- _Work task_
Omit every picture. Return all other data as it stands.

- _Supplied information_
-=-=-=-=-

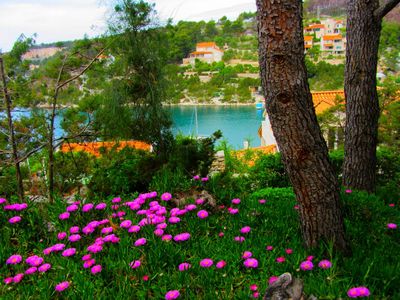 Charming 2 Bedroom Seafront House with Pool Island Brac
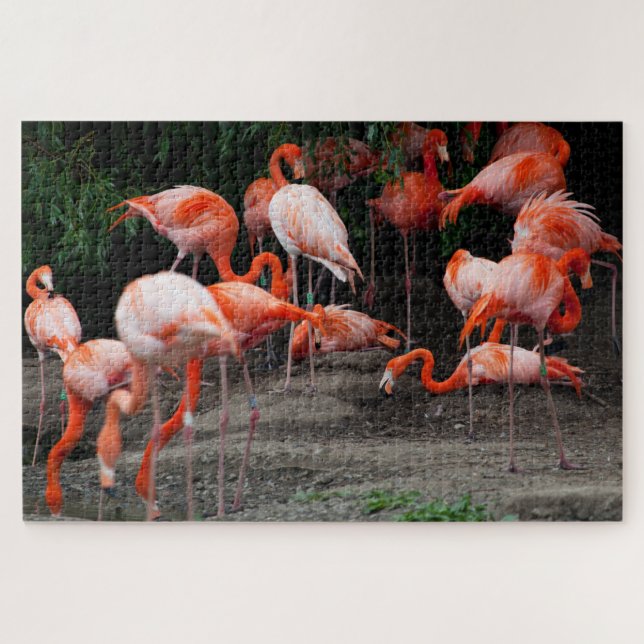 Quebra-cabeça Paisagem tropical Cena Flamingo Jigsera Quebra-cab (Horizontal)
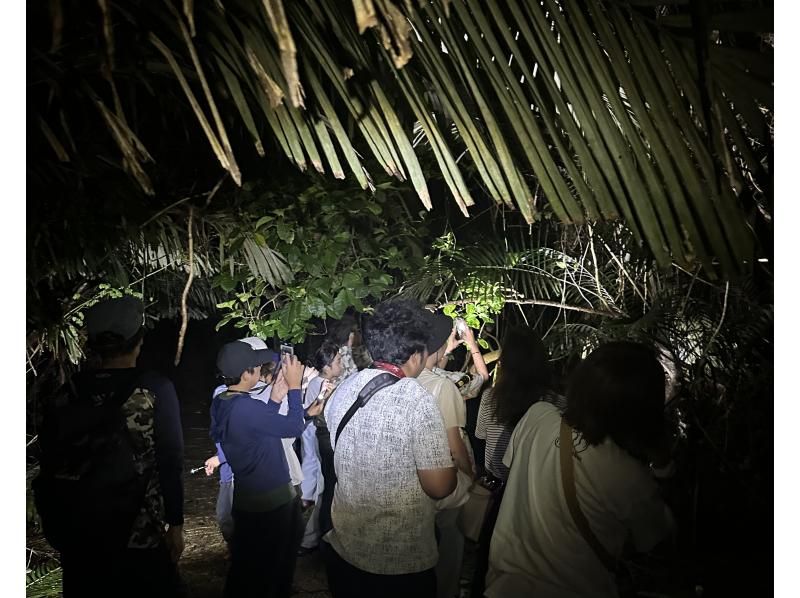【宮古島・ナイトツアー】幻のヤシガニ・ジャングル探検ツアー！雨天決行｜当日予約◎＜写真データ無料でお渡し！＞の紹介画像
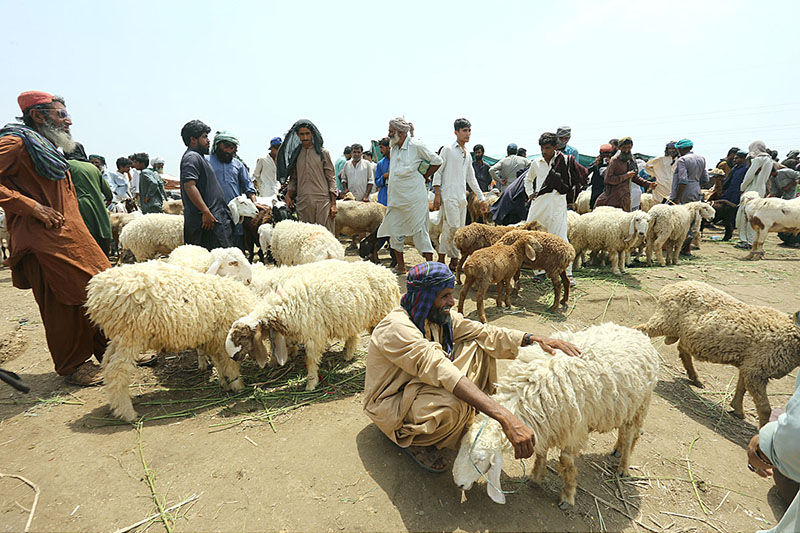 Vendors selling sacrificial animals at Animal Market Hathri Bypass in connection with upcoming Eid ul Azha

-=-=-=-=-

- _Written response_
 Charming 2 Bedroom Seafront House with Pool Island Brac
 Quebra-cabeça Paisagem tropical Cena Flamingo Jigsera Quebra-cab (Horizontal)
【宮古島・ナイトツアー】幻のヤシガニ・ジャングル探検ツアー！雨天決行｜当日予約◎＜写真データ無料でお渡し！＞の紹介画像
 Vendors selling sacrificial animals at Animal Market Hathri Bypass in connection with upcoming Eid ul Azha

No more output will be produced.